SOURCE MATERIAL —
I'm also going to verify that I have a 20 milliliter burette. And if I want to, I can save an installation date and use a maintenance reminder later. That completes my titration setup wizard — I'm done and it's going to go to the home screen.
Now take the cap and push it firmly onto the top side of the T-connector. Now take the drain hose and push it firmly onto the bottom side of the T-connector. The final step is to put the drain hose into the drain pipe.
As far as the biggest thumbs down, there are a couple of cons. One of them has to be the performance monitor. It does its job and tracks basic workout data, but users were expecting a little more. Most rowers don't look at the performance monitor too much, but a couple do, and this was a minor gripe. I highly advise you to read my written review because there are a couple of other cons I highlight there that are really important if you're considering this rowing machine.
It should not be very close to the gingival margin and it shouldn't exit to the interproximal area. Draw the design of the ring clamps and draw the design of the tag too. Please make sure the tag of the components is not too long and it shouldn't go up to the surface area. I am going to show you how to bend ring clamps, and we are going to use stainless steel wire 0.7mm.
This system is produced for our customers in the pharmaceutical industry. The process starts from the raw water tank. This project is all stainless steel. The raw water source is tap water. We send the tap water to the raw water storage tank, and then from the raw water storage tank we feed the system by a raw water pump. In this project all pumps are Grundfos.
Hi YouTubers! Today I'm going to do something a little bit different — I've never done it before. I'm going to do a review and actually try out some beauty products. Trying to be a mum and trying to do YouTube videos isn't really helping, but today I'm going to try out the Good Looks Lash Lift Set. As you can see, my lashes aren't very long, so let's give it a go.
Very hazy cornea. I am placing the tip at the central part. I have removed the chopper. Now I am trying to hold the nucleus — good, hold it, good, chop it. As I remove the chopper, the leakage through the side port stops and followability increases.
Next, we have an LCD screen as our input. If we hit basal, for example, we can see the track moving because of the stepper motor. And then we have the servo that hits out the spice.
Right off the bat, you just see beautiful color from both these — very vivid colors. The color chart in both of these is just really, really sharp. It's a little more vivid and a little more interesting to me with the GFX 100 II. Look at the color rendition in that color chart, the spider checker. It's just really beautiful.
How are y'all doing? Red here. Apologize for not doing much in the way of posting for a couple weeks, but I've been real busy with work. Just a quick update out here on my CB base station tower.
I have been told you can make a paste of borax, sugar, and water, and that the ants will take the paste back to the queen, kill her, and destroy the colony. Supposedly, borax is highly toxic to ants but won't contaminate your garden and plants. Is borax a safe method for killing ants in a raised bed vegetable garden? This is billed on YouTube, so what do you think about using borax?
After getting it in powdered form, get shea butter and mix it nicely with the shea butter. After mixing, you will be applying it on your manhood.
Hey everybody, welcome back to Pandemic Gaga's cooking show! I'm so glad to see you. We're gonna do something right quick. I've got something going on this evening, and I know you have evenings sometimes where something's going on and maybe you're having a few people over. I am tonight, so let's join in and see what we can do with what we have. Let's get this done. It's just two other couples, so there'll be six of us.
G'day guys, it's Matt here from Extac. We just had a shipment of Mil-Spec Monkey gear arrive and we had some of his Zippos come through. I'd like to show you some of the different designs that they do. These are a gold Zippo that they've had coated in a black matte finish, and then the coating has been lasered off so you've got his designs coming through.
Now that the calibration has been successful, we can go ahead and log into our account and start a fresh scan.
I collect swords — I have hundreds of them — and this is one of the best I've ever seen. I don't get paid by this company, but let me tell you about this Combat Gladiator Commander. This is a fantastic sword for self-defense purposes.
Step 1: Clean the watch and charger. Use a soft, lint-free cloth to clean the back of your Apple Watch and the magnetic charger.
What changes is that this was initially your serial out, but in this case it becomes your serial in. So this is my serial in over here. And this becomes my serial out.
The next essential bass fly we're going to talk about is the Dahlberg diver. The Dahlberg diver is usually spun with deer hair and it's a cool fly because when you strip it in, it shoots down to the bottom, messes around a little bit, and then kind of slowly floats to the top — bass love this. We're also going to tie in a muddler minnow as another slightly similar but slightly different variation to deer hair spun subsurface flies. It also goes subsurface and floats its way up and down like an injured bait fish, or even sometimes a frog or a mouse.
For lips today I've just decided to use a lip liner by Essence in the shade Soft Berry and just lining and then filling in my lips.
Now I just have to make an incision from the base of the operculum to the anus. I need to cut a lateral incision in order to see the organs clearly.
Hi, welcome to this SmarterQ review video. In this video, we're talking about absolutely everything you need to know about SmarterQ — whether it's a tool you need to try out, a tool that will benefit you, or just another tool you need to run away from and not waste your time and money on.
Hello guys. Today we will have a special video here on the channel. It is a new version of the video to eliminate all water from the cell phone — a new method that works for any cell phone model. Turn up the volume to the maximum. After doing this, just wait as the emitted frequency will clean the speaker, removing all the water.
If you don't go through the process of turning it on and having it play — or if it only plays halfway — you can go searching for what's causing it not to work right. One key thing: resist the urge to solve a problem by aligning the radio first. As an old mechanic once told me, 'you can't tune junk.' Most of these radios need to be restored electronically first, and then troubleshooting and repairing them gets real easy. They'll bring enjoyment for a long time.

THE TASK — In the entries above, find the line containing "Hi, welcome to". Set down that line and every line after it through the last one, exactly and alone.

TASK SOLUTION —
Hi, welcome to this SmarterQ review video. In this video, we're talking about absolutely everything you need to know about SmarterQ — whether it's a tool you need to try out, a tool that will benefit you, or just another tool you need to run away from and not waste your time and money on.
Hello guys. Today we will have a special video here on the channel. It is a new version of the video to eliminate all water from the cell phone — a new method that works for any cell phone model. Turn up the volume to the maximum. After doing this, just wait as the emitted frequency will clean the speaker, removing all the water.
If you don't go through the process of turning it on and having it play — or if it only plays halfway — you can go searching for what's causing it not to work right. One key thing: resist the urge to solve a problem by aligning the radio first. As an old mechanic once told me, 'you can't tune junk.' Most of these radios need to be restored electronically first, and then troubleshooting and repairing them gets real easy. They'll bring enjoyment for a long time.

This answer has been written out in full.